M. Chopin's letter is divided into two parts. In the first two pages the author explains how, under certain conditions, different from those indicated by M. Lajoie, plates may give direct positives ; for example, the following process will give this result : " After an ordinary light development wash the plate, .cover it with a silver solution having an alkaline reaction, or any weak alkaline solution, and recommence to develop." Naturally there can be no question of M. Pia having exercised any such manipulation; but M. Chopin explains that the phenomenon may happen accidentally, and had indeed occurred to himself " in the preparation of special negatives for the reproduction of Limoges enamels/' M. Chopin has then the right to use the following phrase : " There is reason to think that when this phenomenon is accidentally produced, one should seek for the cause either in a want of acidity in the silver solution or in the in-sufficent alkalinity of the water used for washing the plates." I do not guarantee that the terms used by M. Chopin are quite exact, and that the washing of a plate in water not sufficiently alkaline would altogether alter its character, but this is what M. Chopin says. In certain conditions it is possible that a plate may become positive without having been over-exposed.

But we will not labour the point. Such exceptional conditions were not present, since M. Pia's plate is really a negative. This point we may consider certain.

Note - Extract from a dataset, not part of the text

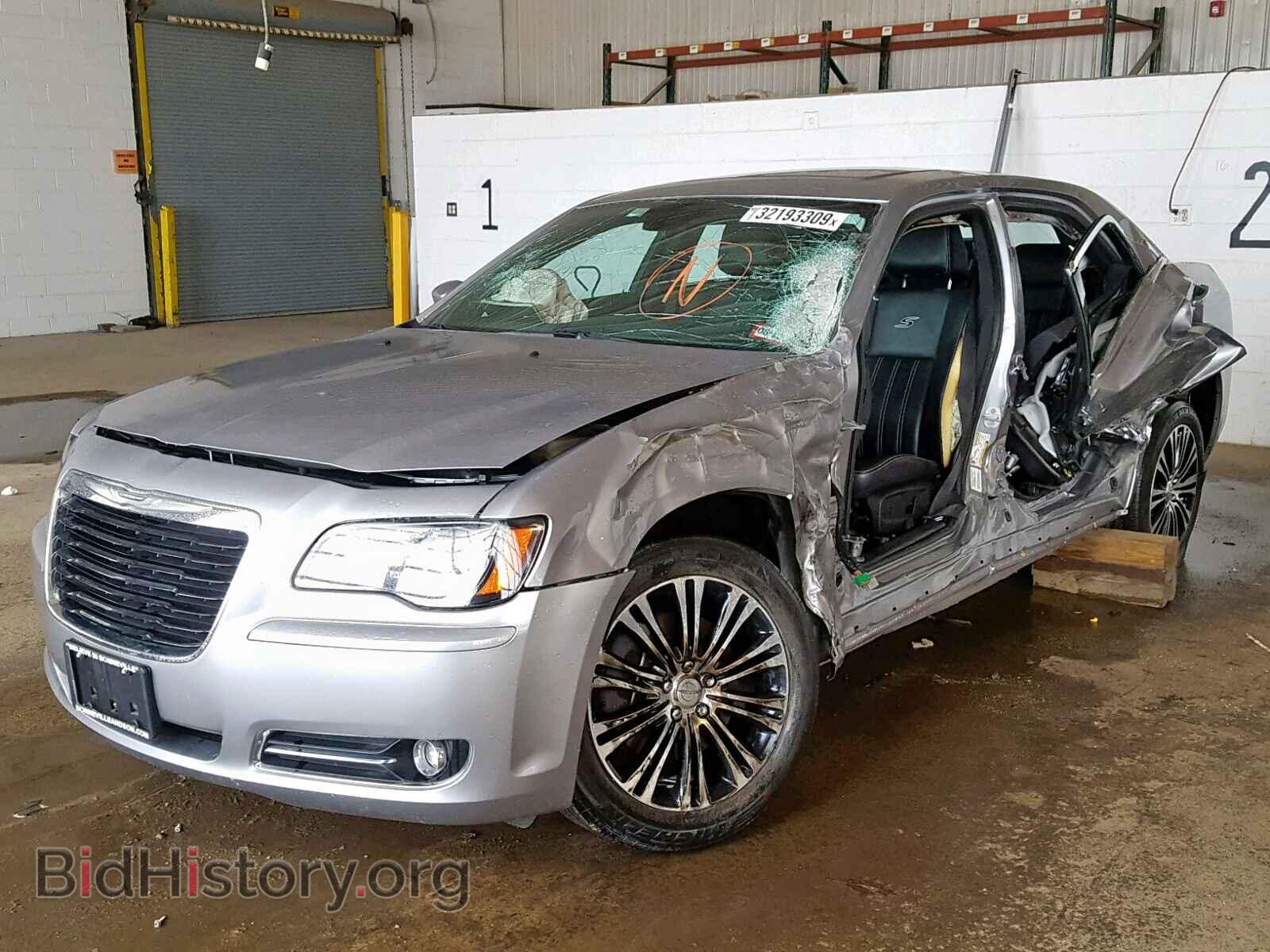 2014 CHRYSLER 300 - VIN: 2C3CCAGGXEH179720 - Фото 2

We now come to a more subtle objection, which is that although a plate may be generally negative, certain parts of it may not be perfectly so, owing to the effect of colour—yellow, for instance, often comes out black. We do not quite see how this affects our consideration of the Holy Shroud. The argument is only tenable if parts of the object are many coloured, which is not the case here.

We consider then that we have established our first position, which is that the impressions on the Holy Shroud are really and effectively shown there in negative.

If the impressions on the Shroud have the character of a negative, if they are shown with the real values reversed, we cannot believe that they have been painted thus. Of two alternatives one must be taken as true: either they have been executed positively, like all paintings, and have been transformed by time into the negatives which we see, or else they are not paintings at all. Before discussing these alternatives let us see if the impressions are such as to preclude altogether the hypothesis of an ordinary painting done directly in negative fashion.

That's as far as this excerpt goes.